In “How to Compare One Million Images” [UDH], Lev Manovich discusses the challenge for the DH field of accounting for the crazy amount of data that exists and continues to grow. He introduces the software studies initiative’s key method for analysis and visualization of large sets of images, video, and interactive visual media (251).
There are two parts of this approach: 1) “automatic digital image analysis that generates numerical descriptions of various visual characteristics of the images,” and 2) “visualizations that show the complete image set organized by these characteristics” (251).
His outlined approach addresses problems that DH researchers struggle with when they use traditional approaches. These include scalability, registering subtle differences, and adequately describing visual characteristics. The approach also accounts more for entropy, the degree of uncertainty in the data.
For me, this idea of entropy echoes with Johanna Drucker’s concern in “Humanities Approaches to Graphical Display” [DITDH] with the binary representations required for traditional scientific approaches to graphical displays.
I think the connection lies in the separation that Drucker describes between science’s realist approach and humanities’ constructivist approach and the need for the DH field to forge their own path in statistical displays of capta.

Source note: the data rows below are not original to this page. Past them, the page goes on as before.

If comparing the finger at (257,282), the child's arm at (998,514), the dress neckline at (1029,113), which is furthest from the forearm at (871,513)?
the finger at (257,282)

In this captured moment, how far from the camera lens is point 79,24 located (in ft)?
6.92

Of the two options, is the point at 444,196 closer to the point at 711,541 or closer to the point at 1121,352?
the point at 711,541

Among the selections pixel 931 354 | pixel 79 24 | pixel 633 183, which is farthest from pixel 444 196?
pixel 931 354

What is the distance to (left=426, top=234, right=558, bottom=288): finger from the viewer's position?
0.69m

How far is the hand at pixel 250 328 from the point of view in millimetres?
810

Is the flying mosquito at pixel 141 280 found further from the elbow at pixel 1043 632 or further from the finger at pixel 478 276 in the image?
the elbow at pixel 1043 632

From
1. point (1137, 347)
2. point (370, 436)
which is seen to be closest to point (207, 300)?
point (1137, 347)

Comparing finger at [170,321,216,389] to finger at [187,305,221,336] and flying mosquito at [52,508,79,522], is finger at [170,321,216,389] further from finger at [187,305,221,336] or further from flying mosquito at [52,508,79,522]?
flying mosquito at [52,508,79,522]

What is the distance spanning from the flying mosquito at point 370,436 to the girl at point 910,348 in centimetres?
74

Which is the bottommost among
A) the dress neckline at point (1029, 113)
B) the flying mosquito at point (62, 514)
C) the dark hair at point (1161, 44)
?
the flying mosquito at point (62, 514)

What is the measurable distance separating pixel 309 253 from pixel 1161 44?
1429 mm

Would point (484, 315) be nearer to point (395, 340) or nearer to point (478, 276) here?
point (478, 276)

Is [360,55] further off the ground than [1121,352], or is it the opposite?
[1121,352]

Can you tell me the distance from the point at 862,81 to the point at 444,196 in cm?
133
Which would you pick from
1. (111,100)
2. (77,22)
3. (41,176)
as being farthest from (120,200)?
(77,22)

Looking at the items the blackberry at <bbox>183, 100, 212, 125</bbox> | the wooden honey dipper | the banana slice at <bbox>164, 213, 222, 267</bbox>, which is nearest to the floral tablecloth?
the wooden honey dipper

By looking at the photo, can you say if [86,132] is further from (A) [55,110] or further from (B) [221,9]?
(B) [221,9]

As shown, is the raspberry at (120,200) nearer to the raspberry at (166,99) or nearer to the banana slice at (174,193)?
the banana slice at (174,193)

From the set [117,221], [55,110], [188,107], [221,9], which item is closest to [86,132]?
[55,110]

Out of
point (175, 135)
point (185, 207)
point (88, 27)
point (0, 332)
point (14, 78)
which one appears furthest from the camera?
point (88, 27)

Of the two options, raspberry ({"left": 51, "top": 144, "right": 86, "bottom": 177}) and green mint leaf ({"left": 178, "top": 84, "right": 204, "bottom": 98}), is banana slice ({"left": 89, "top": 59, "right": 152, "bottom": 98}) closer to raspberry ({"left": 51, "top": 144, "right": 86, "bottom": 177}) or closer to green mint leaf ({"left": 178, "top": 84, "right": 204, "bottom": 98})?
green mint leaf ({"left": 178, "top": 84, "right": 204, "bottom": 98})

Note: although I agree with Drucker’s characterization of data as capta (something that is taken and constructed rather than recorded and observed), I will use the term data throughout the rest of this post for simplicity.
I think Manovich’s approach for handling large sets of data makes sense and is a viable option for the DH field, as long as they can afford the necessary computer programs and have the necessary technical expertise. As Manovich explains, a project like comparing a million manga pages (or even 10,000) would be exceptionally difficult without computer software that can measure differences between images.
For example, tagging can be problematic because even with a closed vocabulary, tags can vary. As mentioned earlier, the human eye cannot account for the subtle differences among a large number of images.
Most DH projects utilize sampling (comparing 1,000 out of 100,000 images), but sampling data can be very problematic. When sampling from a large data set, there is always the possibility that the sample will not accurately represent the entire data set. This is something that every field, both in the sciences and humanities, has to deal with.
Manovich’s scatter plots, line graphs, and image plots are beautiful and interesting and I thought they were surprisingly simple to read and understand for being so nontraditional. Describing images with images just makes sense.